# Hedgehog & Ferrets



## Puffers315 (Apr 19, 2010)

Okay, this is a hypothetical question, in the future I would like to adopt a ferret, as there are many who are in need of homes. This won't happen until god forbids one of my guys travels to the rainbow bridge. I jumped into the whole hedgehog game quickly and went from having one to two, and its been a blast, but I know I will in general only keep one hedgehog as a pet when that time comes, but would also like to have a ferret as a pet too.

Would it be at all possible for both to be housed in a Ferret Nation double decker. I know there's major issues with the two since Hedgehog = Prey and Ferret = Predator, and that the ferret can be cause of stress to a hedgehog probably even from just their smell. But would it at all be possible to house both in a ferret nation. I would say ferret in the top cage so the smell isn't rising with the heat to the hedgehog, but I just wanted to throw that out there and see what the general opinion was.

Of course playtime and such would not be together, there's a youtube video that shows a pair of ferrets screwing with a hedgehog and the poor spiked guy isn't having any fun.

In the end, just pondering the future, that and I was in the mall and looking at a ferret in the pet store, I know the owner and he has a barn with about 20 abandoned ones living happily there.


----------



## MeAmandaTee (Aug 9, 2010)

I think that it would probably bother the hedgehog too much. Cuz when ferrets play they jump around there cage and make a lot of noise because of it lol i dont think they are up that often but when they are there the life of the party!! And even though the hedgehog would be on the bottom ferrets tend to have a natural musky scent (especially if they havent been descented) so he would still smell the ferret pretty well. I do a lot of research on many animals just for the fun of learning, so thats my advice


----------



## Puffers315 (Apr 19, 2010)

Oh yeah, I'm well familiar with the ways of the ferret (Weezer), had one several years ago, a rescue that came into the shelter my Mom was working at. In short she was found in an animal horders house living in a tiny bird cage that literally had 2 inches of poop on the bottom, there floor was totally consumed by it. She spent a few months at the shelter and we finally took her in, lived with us for half a year, and then was shipped to PA with my brother, who for the past decade has had ferrets, 8 at one point, down to 3 now with Weezer (renamed Dutchess) as the eldest.

So I'm well versed in their playful nature and musk. Activity wise, they're more lazy than a hedgehog, sleep 22 hours a day, play for 2, sleep some more. But you're right about the thrashing in the cage, they are more active. I -never- see my hogs out until 9pm, where you'd see Weezer here and there, wake up, poop, eat a little, play a little, sleep.

So either way, if she was on top there would be the playful thrashings, on the bottom would be the musk rising.
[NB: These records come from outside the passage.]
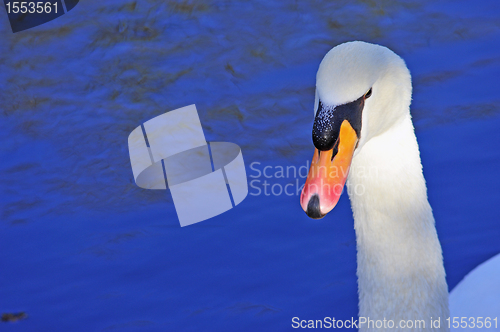 Image of Swan on lake water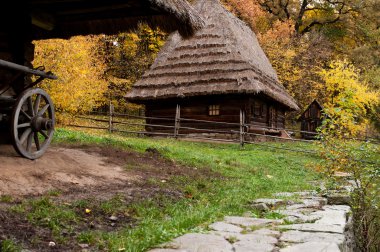 Ukraynalı Mimarlık Müzesi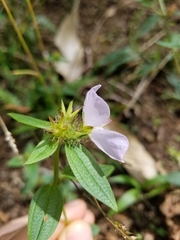 Pterolepis glomerata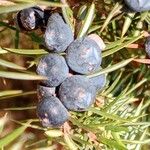 Juniperus communis Frucht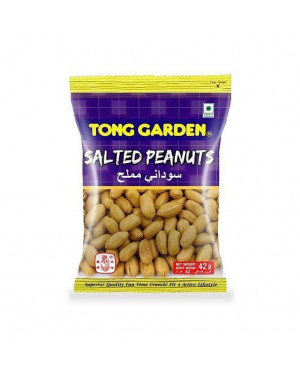 Tong Garden Salted Peanuts 42gm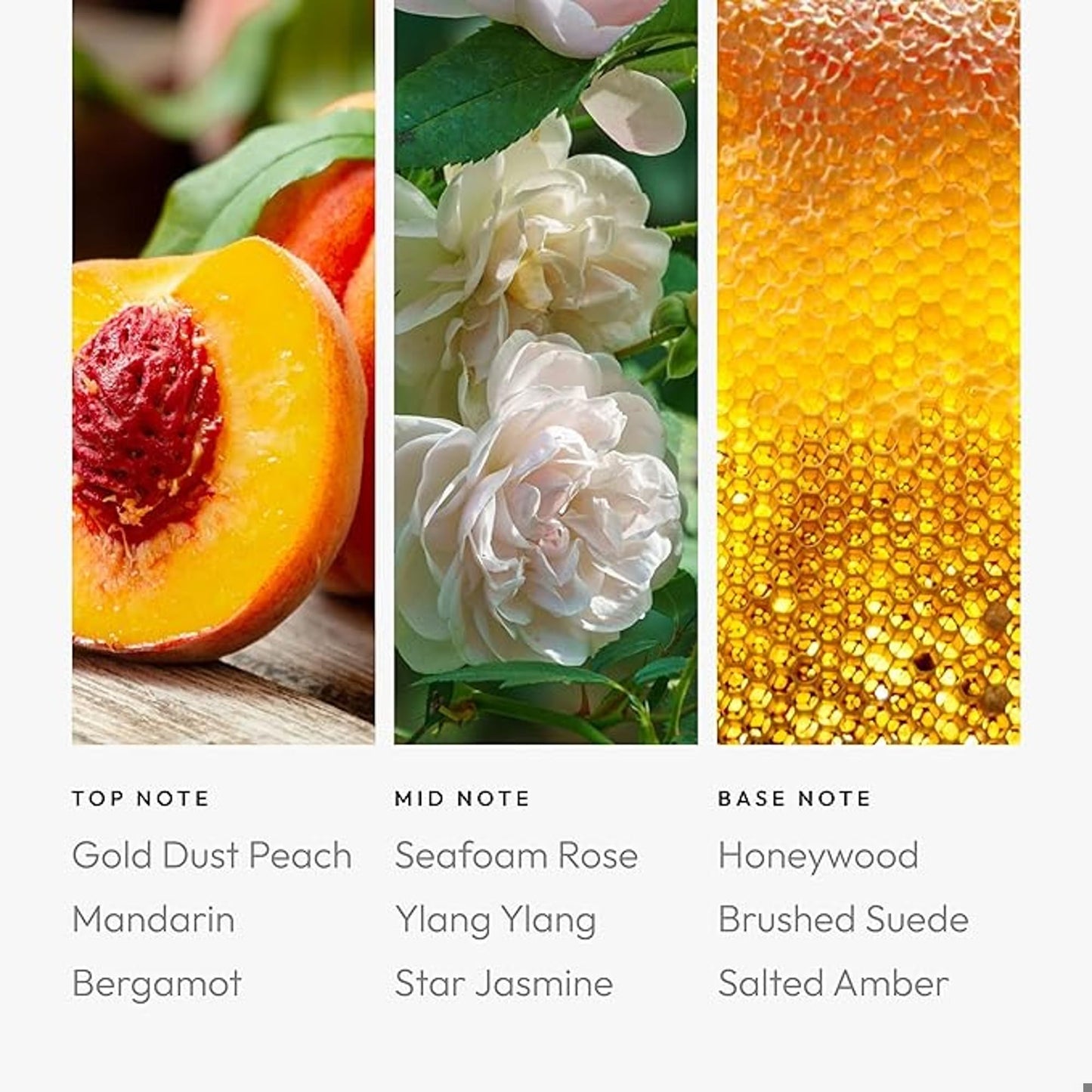 Aroma360 Pro Pod Virgo Fragrance Oil for Diffusers | Gold Dust Peach, Seafoam Rose & Honeywood, 50mL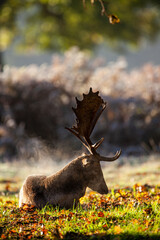 Fallow deer stag during the annual rut in London, UK	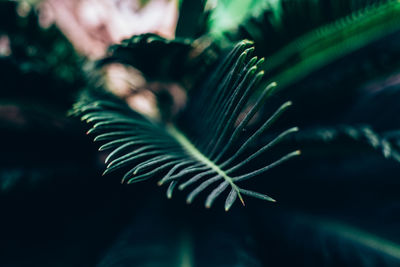 Close-up of fern leaves
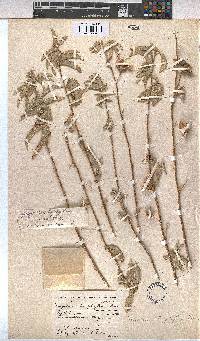 Gossypium triphyllum image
I just ponder if the thrashing would be disruptive to a hedgehog, it'll be Hester Sue who would have to live with the new room mate (she's not even a year, Loki is 2.5) and she does sleep like the dead, I can move her house during cleaning and she doesn't even wake up, unless its a sharp movement (then I hear the complaining).

Next question is, if they're not sharing a ferret nation. I plan to at some point in the future to buy a second ferret nation setup and connect both together, giving my hogs double the space they got. Hester uses levels so in the end, I could split the cages apart into two seperate setups, keep the ferret at one side of the room, her on the other and use the bottom of her ferret nation for more space since she'll use tubes. But again my main concern would be the musk, I believe most are decented but they still carry that smell with them (skunks too).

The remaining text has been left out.